Latex INTL - How Latex is Made

How Latex is Made

Making Latex – Manufacturing Processes

Latex Manufacturing Processes

The terms “Talalay” and “Dunlop” refer to the two different methods of manufacturing Latex Rubber for sleep products. The Dunlop process was developed in 1929. It was the first method used to produce latex material for bedding.

As technology progressed, the Talalay process was developed by the Talalay family during World War II. The Talalay process for producing latex is significantly more complex and costly, resulting in softer, more buoyant and luxurious finished products.

MAKING LATEX - LATEX FORMULAS

Both Talalay and Dunlop processes start with a formula mixture of liquid latex. These formulas can be any of the following:

100% natural latex rubber (harvested from rubber tree plants)
100% synthetic latex rubber (a man-made molecular copy of natural latex rubber)
Blended natural & synthetic latex rubbers (specific blend ratios are proprietary)

Note: there are small amounts of other materials required for processing liquid latex into solid form which are necessary for all latex production. (ingredients & amounts are proprietary)

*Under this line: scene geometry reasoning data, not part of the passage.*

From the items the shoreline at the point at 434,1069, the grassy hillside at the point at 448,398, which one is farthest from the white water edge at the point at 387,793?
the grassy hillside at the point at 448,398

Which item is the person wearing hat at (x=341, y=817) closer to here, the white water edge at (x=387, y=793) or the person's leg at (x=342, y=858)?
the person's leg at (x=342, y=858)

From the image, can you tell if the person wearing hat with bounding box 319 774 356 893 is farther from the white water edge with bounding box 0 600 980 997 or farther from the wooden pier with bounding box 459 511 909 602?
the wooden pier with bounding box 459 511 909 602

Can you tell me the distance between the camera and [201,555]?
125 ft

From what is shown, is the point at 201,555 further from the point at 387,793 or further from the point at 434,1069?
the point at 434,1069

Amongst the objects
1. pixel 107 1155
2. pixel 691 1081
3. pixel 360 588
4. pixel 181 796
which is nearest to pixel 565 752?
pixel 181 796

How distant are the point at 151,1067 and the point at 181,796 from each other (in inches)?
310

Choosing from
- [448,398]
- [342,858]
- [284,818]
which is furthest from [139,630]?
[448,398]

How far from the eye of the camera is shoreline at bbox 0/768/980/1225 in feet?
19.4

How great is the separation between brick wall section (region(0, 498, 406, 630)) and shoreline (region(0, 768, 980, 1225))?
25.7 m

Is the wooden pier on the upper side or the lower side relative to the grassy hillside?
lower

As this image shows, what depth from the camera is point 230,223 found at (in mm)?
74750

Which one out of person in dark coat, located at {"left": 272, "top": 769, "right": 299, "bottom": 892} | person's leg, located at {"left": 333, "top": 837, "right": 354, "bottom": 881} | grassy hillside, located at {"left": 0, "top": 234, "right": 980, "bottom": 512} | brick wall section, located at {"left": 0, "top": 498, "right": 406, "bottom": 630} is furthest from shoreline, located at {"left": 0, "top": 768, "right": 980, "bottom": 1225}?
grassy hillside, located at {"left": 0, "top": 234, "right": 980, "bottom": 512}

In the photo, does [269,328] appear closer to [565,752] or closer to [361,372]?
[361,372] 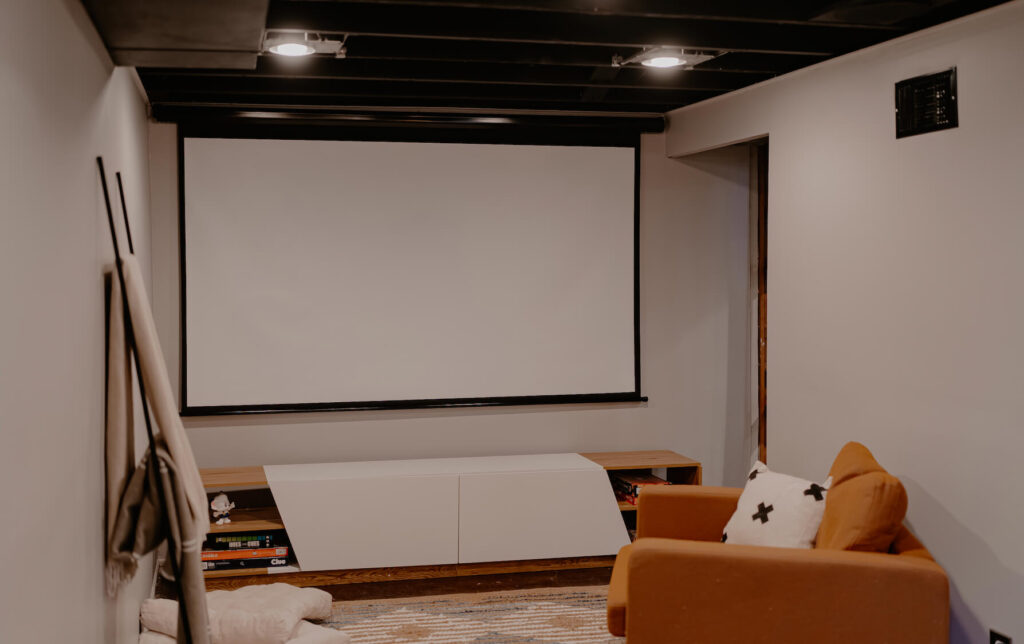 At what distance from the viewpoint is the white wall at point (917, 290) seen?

Latex International Talalay is produced using only 100% Natural or Blended formulations to meet optimum quality standards.


Latex Processes

TALALAY

1. Liquid latex formulation is poured into a mold and sealed closed
2. Vacuum is created to disperse liquid latex throughout mold
3. Liquid latex is flash frozen
4. Frozen latex is flash heated to “gel” into permanent solid form
5. Cooled solid latex is removed from mold

DUNLOP

1. Liquid latex formulation is poured onto a long conveyor belt
2. Liquid latex is slowly heated to “gel” into permanent solid form
3. Cooled solid latex is removed from conveyor belt



The difference in processing are the two additional steps that occur with Talalay Process - #2 vacuum & #3 freeze .

#2 Vacuum – This allows any amount of latex to be evenly distributed throughout the mold creating precise and varied firmness with the finished latex. The more liquid latex that’s poured into the mold the firmer the resulting solid latex. Therefore, if less liquid latex is used, a softer more supple piece of latex results.

This differs from Dunlop in that Dunlop process has very little ability to vary the firmness or feel of the finished solid product while maintaining its structural integrity. The liquid formula is poured onto a belt and you get the same, dense piece of latex every time. The only way to soften the feel of Dunlop latex is to add “fillers” into the liquid latex formula which result in solid latex that is flaky and breaks down quickly.

#3 Flash Freeze – This provides Talalay with its uniquely consistent characteristic. Liquid latex is a suspension of rubber particles in water, like a shaken snow globe. Flash freezing prevents the latex particles from settling to the bottom while gelling into a solid product. This means that the resulting piece of solid Talalay latex has the same consistent feel from top to bottom.

This differs from Dunlop because Dunlop process does not utilize a freeze step. Therefore, the rubber particles settle to the bottom while the liquid latex is gelling into a solid form, like a snow globe, resulting in a variation of feel from top to bottom. This is not recognizable if the Dunlop latex is used as a bottom layer of a mattress but can cause problems if Dunlop pieces are used for pillows or as top layers of a mattress.

CONCLUSION - The Talalay process takes four times longer than Dunlop with two additional process steps that improve the consistency, quality and feel of the finished latex.

A simple analogy: Talalay latex is like a chocolate soufflé; although the process is long, your end product is a buoyant, airy, complex delight. Dunlop latex is more like a tray of brownies; tasty, but dense and flat in comparison.